# 169. ip on wireless connection



## freakyblokes (Sep 9, 2006)

hey

i have a dsl connection and westell versalink 327w(wireless)....when the comp is hard wired to the comp i am able to browse...but the problem starts as soon i go wireless.......i get excellecnt signal strenght but i get a an 169. ip address(os assigned) ....tried almost everything such as the netsh commands as well as ran a winsock fix....i have inbuilt wireless card as well as wireless usb adapter...tried connecting using both the cards but still the same thing....i also get a limited or no connectivity msg....this has me on nerves..please help,,,well to top it all...i have tried going wireless with another notebook and i was able to connect fine.....


----------



## swarktech (Sep 28, 2006)

*169 ip*

The 169 ip address is a default, or alternate, ip address assigned by
Windows XP if your computer can not otherwise obtain one.

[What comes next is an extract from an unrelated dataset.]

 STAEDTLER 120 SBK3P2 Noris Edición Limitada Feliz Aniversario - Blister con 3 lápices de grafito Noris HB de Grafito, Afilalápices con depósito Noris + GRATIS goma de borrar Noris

Sounds like
you might want to check the network connection properties for both the
computer and wireless. Make sure the computer is set to obtain an
IP address automatically and the wireless has the DHCP feature turned
on on the wireless LAN side.....Also, you need to make sure that the
SSID broadcast is turned on....at least unti your wireless card connects.
Turn it off afterwards as a security measure to help keep "snoopers"
off your wireless .......

swarktech......


----------